The goal of this paper is to develop novel tools for understanding the local structure of systems of functions, e.g. time-series data points, such as the total correlation function, the Cohen class of the data set, the data operator and the average lack of concentration. The Cohen class of the data operator gives a time-frequency representation of the data set. Furthermore, we show that the von Neumann entropy of the data operator captures local features of the data set and that it is related to the notion of the effective dimensionality.

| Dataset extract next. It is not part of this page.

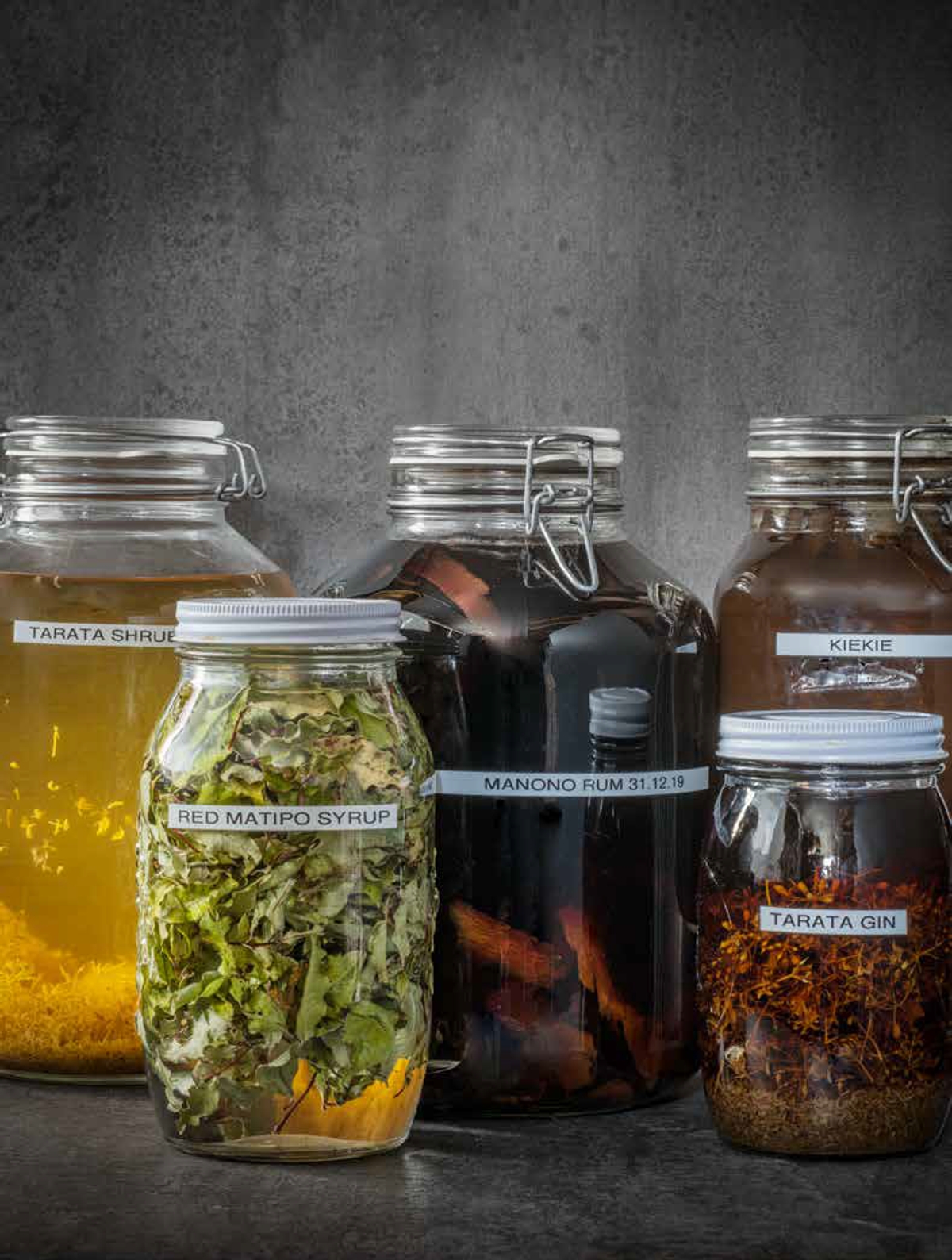 Native herbs, preserved in liquor and syrup.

The accumulated Cohen class of the data operator gives us a low-dimensional representation of the data set and we quantify this in terms of the average lack of concentration and the von Neumann entropy of the data operator by an application of a Berezin-Lieb inequality. The framework for our approach is provided by quantum harmonic analysis.
翻译:----
目的是开发理解系统函数局部结构的新工具,例如时间序列数据点,如总相关函数,数据集的 Cohen 类,数据算子和平均缺乏浓度。数据算子的 Cohen 类给出数据集的时频表示。此外,我们展示了数据算子的 von Neumann 熵捕捉数据集的局部特征,并且它与有效维度的概念相关。通过使用 Berezin-Lieb 不等式的应用,我们将数据算子的积累 Cohen 类转化为数据集的低维表示,并以平均缺乏浓度和数据算子的 von Neumann 熵量化了这种表示。我们的方法框架由量子谐振分析提供。